How can you claim to have “no idea” that someone may take their life when they have already attempted to do so because of the events in question?

Does Mr Beltrami claim to be ignorant of these facts or is he just ignoring them?

The CPS were fully aware of these matters and the risk when they decided to continue the prosecution.

Mr Beltrami also repeats the false allegation that Caroline hit Mr Burton over the head with a lamp.

He does not mention that this was denied by Caroline, denied by Mr Burton in a statement he provided and that this claim was completely inconsistent with the injury that Mr Burton sustained.

The repetition of this lie without any attempt to balance it mirrors what the CPS did to Caroline on December 23, 2019.

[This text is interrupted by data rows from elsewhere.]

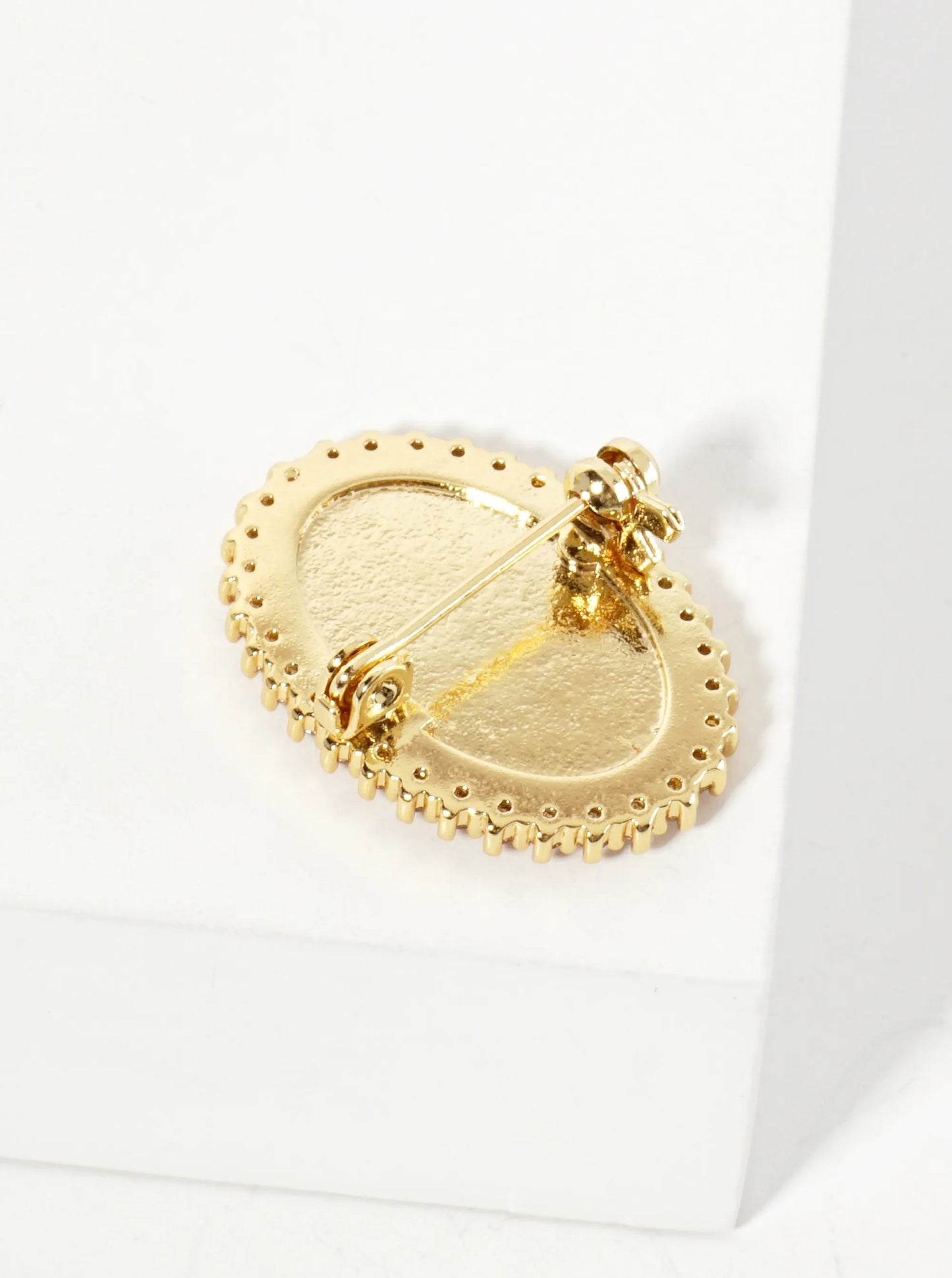 18K-Gold-Dipped 1-inch Virgin-Mary Brooch In Oval Frame Cubic-Zirconia Pave-Detailing-on-the-Edges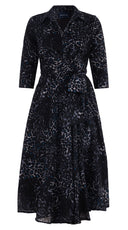 Olivia Dress Shirt Collar 3/4 Sleeve Midi Length Wool Musola (Viper Leopard Big) - Midnight Blue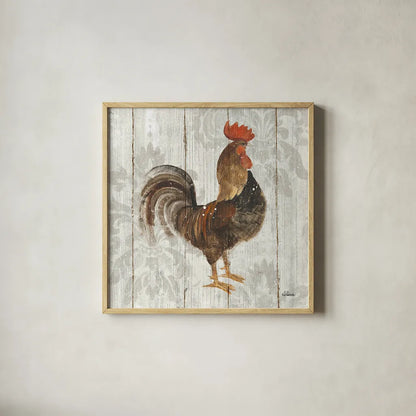 Farm Friend III on Barn Board by Albena Hristova. Shown in a natural wood glass frame for a timeless modern aesthetic. Available as an archival giclee rolled canvas, fine art paper, or poster print. SKU 23347a.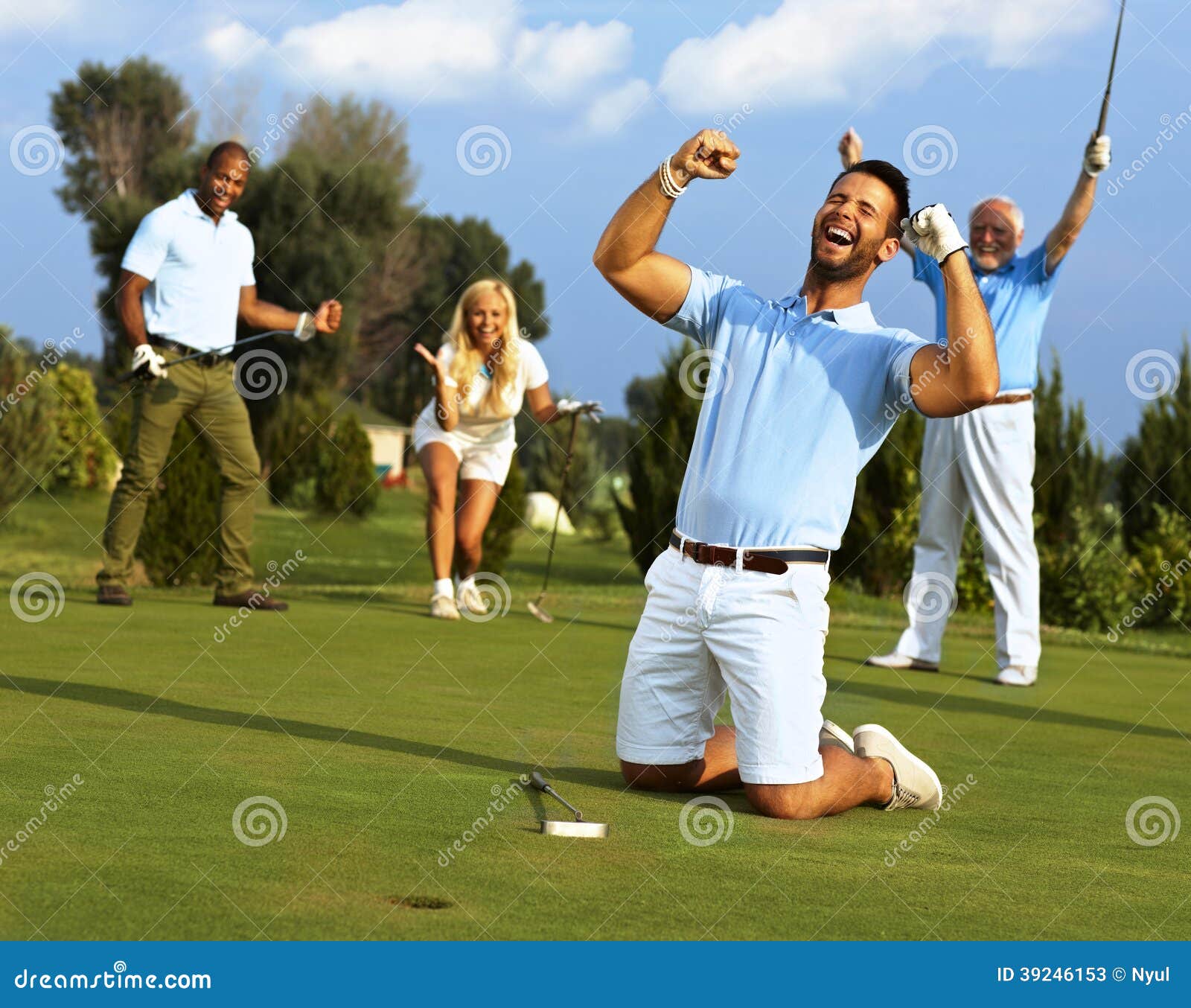 happy golfer in flush of victory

The suggestion that my daughter admitted doing so is also false.

She admitted that she accidently made contact with Lewis while she had her phone in her hand while emotionally distressed.

My daughter confessed to an accident – not as is suggested - to an assault.

Mr Beltrami has basically repeated the approach of the CPS In court on December 23 last year.

That day the CPS created the toxic environment which ultimately led to Caroline’s death.

They put into the public domain three claims which were either not true, or which they knew were misleading.

First, they claimed that Mr Burton had suffered a “significant injury” – this was not true as anyone who has seen the photograph of his injury will know.

The police themselves called the injury “minor” consistent with the accidental contact Caroline accepted had happened.

Second, they claimed Mr Burton had been hit by a lamp – without making clear that both Caroline and Lewis denied this or that the injury Mr Burton sustained was inconsistent with this claim.

Third, they referred to the “crime scene” as looking like a “horror film” – when they knew that the blood at the scene was Caroline’s and that she could not publicly say that because of the circumstances that led to that injury.

You can only imagine Caroline’s anguish at the perception she had caused someone else an injury that led to so much blood and not being able to say it was hers for fear that it would be obvious that she had made an attempt on her own life – and she would lose her career.

The subsequent publication of a photograph showing her bedroom covered with HER blood (though suggested to be Mr Burton’s) was enabled because of the CPS approach and the failure to make clear it was not Mr Burton’s blood.

Caroline was so embarrassed and appalled by that photograph – and the person who provided it to the press should be so ashamed of themselves.

I don’t blame the press for publishing this picture in these circumstances – the CPS allowed them to do it by their claims.

However, I do blame the press for not correcting all the false stories that they did publish about Caroline and hounding her when they knew she was unable to speak out.

By putting this information into the public domain the CPS created the environment where Caroline was hounded on social media and the press were able to publish misleading claims about her and the incident.

The CPS released the demons that chased down Caroline.

Now the press are reporting again all these falsehoods without any thought because Mr Beltrami wishes to justify himself.

In doing so he conveniently does not mention that my daughter offered to accept a caution in relation to this incident – not because she was guilty but because she was so distressed and was willing to sacrifice her career to be able to make it all stop.

But the CPS would not engage with discussions about this – because they wanted to force my daughter to be humiliated in court or to plead guilty to something she did not do.